- [Task to carry out]:
Quote all of the data exactly as given. Skip every picture it contains.

- [Provided data]:
=== Section Start ===

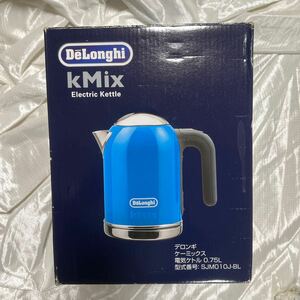 新品 未使用 デロンギ 電気ケトル ケーミックス SJM010J-BL　DeLonghi kMix ブルー 電気ポット 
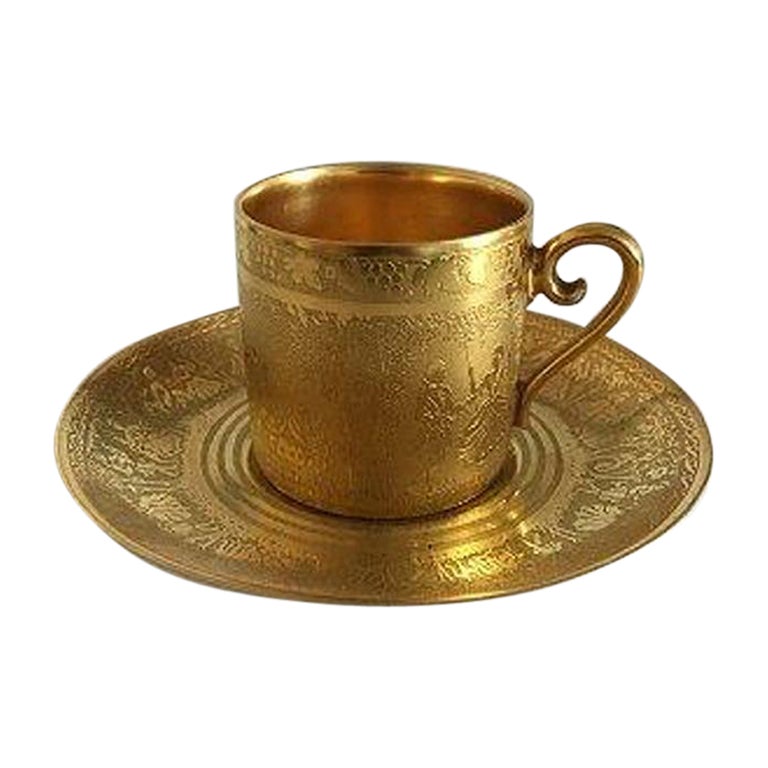 Tirchenreuth Porcelain Cup in All Gold For Sale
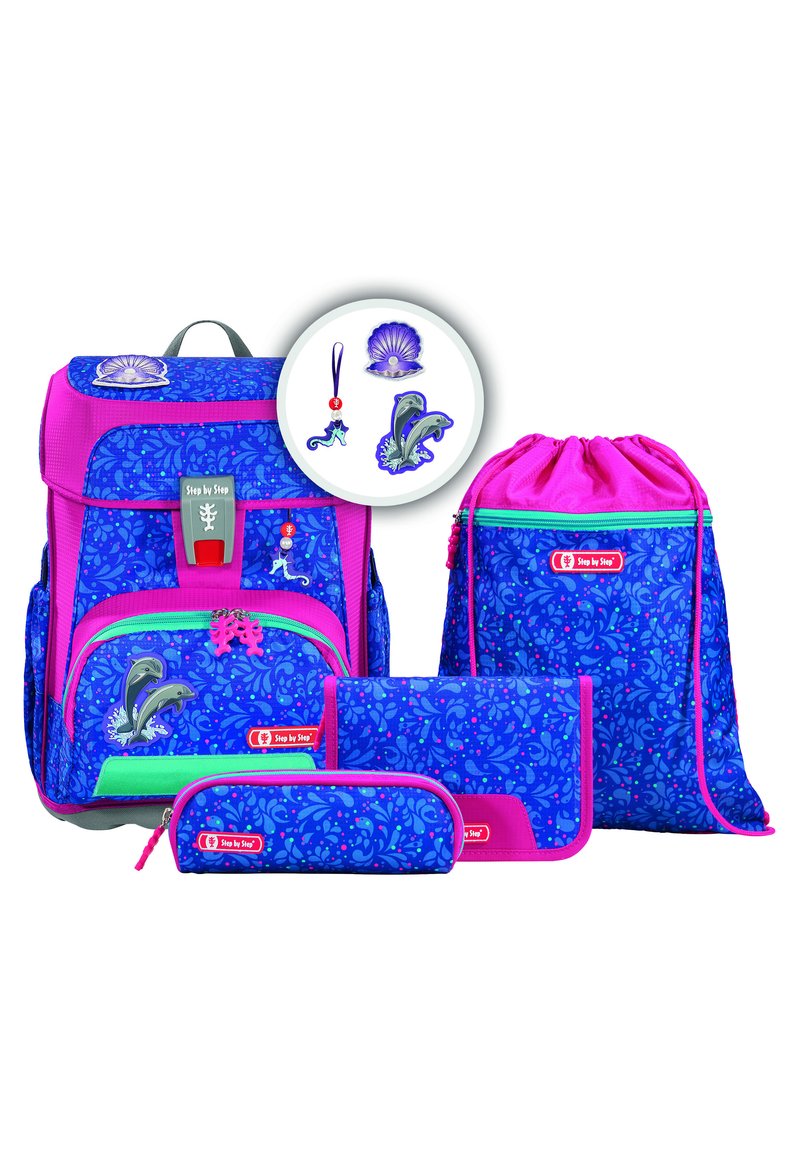 Step by Step CLOUD-SET 5TLG - Cartable d'école - happy dolphins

=== Section End ===

- [Solution]:
 新品 未使用 デロンギ 電気ケトル ケーミックス SJM010J-BL　DeLonghi kMix ブルー 電気ポット 
 Tirchenreuth Porcelain Cup in All Gold For Sale
 Step by Step CLOUD-SET 5TLG - Cartable d'école - happy dolphins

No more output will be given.